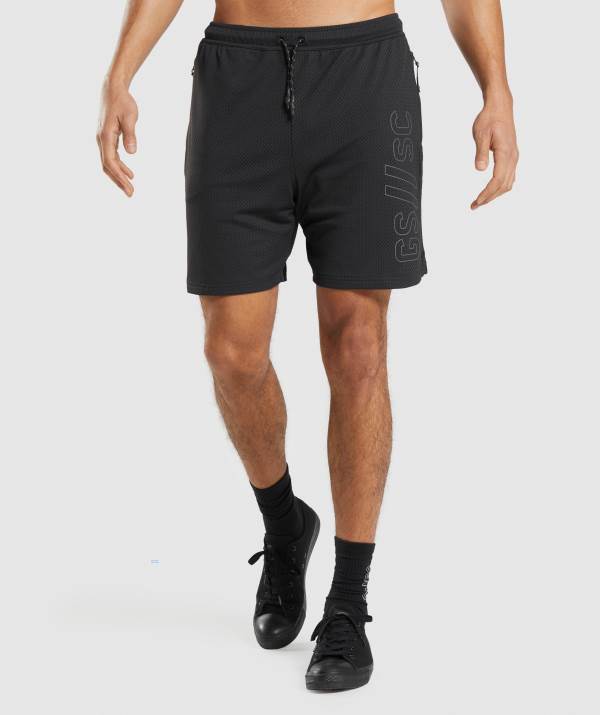 Gymshark Steve Cook Mesh Kurze Hose Herren Schwarz | 4513FCBHG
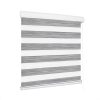 Blackout Zebra Roller Blind Curtains Double Window Sunshade 180×210 Grey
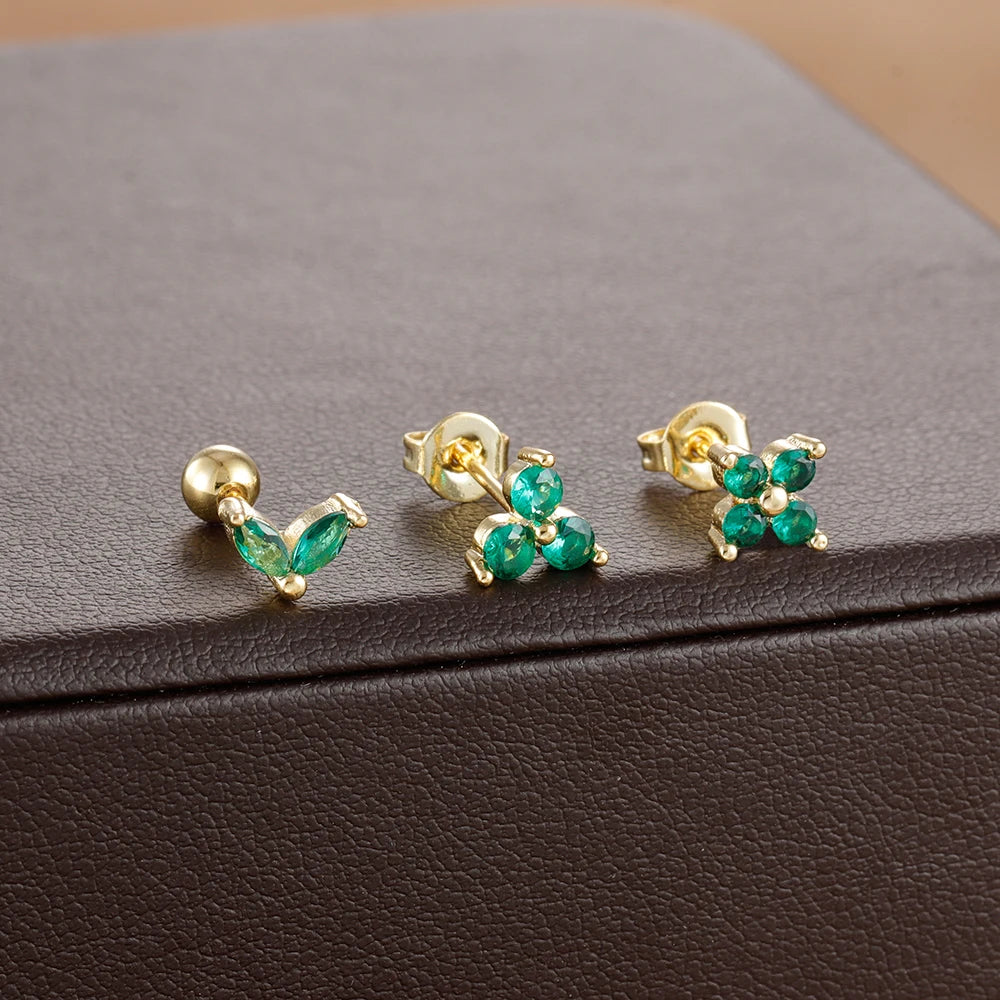 3PCS Stainless Steel Mini Zircon Cartilage Piercing Stud Earrings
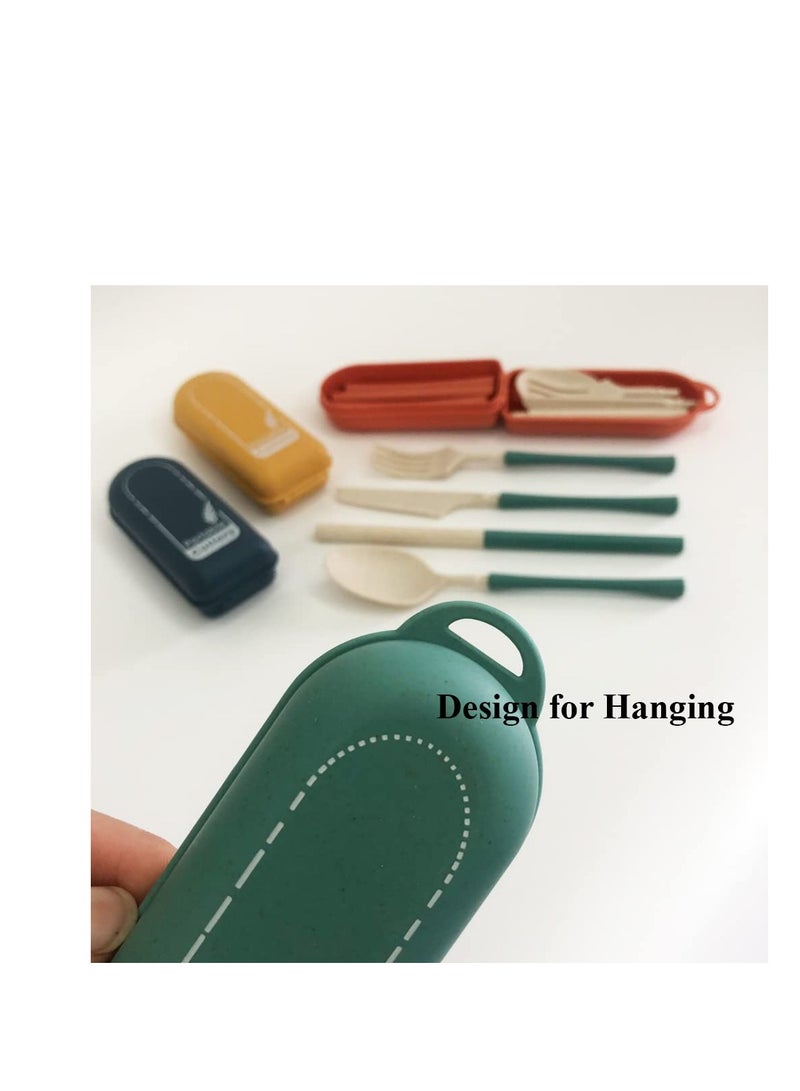 Travel Utensil Set with Case, 4 Sets Wheat Straw Utensils, Reusable Travel Utensils Set, Lunch Box Utensils Set, Portable Detachable Cutlery for Kids Adult School Travel Picnic Camping or Daily Use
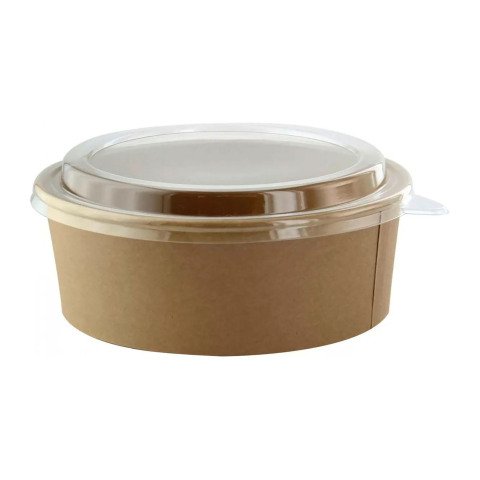 Combo ensaladera redonda cartón kraft Buckaty + tapa Alt. 65mm 1200 ml - Paquete de 200 unidades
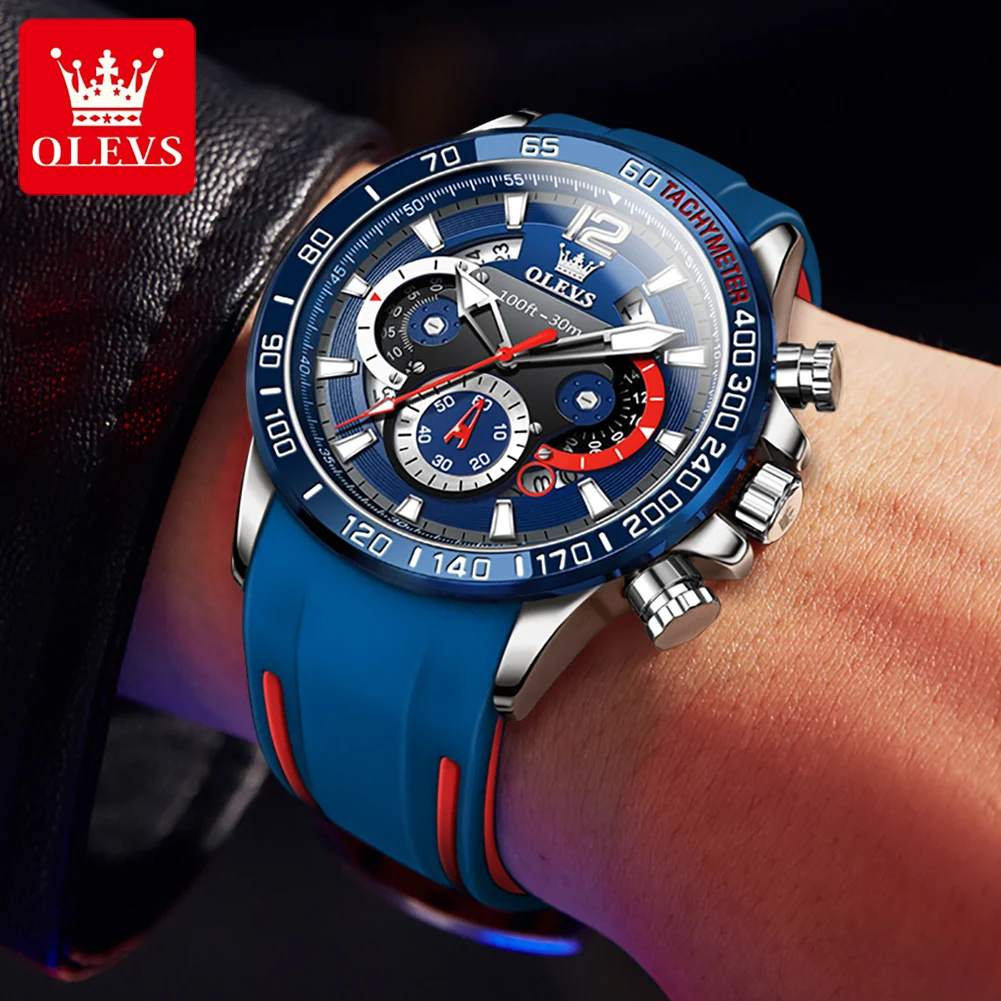 OLEVS new Quartz Watch for Men Original TOP Brand Rubber strap Waterproof Luminous Date 2025 Week Men's Quartz Watch reloj hombre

-*-

▶ EXERCISE GOAL
Repeat every line above precisely; pictures do not belong in the copy.

▶ SOLUTION
 Gymshark Steve Cook Mesh Kurze Hose Herren Schwarz | 4513FCBHG
 Blackout Zebra Roller Blind Curtains Double Window Sunshade 180×210 Grey
 3PCS Stainless Steel Mini Zircon Cartilage Piercing Stud Earrings
 Travel Utensil Set with Case, 4 Sets Wheat Straw Utensils, Reusable Travel Utensils Set, Lunch Box Utensils Set, Portable Detachable Cutlery for Kids Adult School Travel Picnic Camping or Daily Use
 Combo ensaladera redonda cartón kraft Buckaty + tapa Alt. 65mm 1200 ml - Paquete de 200 unidades
 OLEVS new Quartz Watch for Men Original TOP Brand Rubber strap Waterproof Luminous Date 2025 Week Men's Quartz Watch reloj hombre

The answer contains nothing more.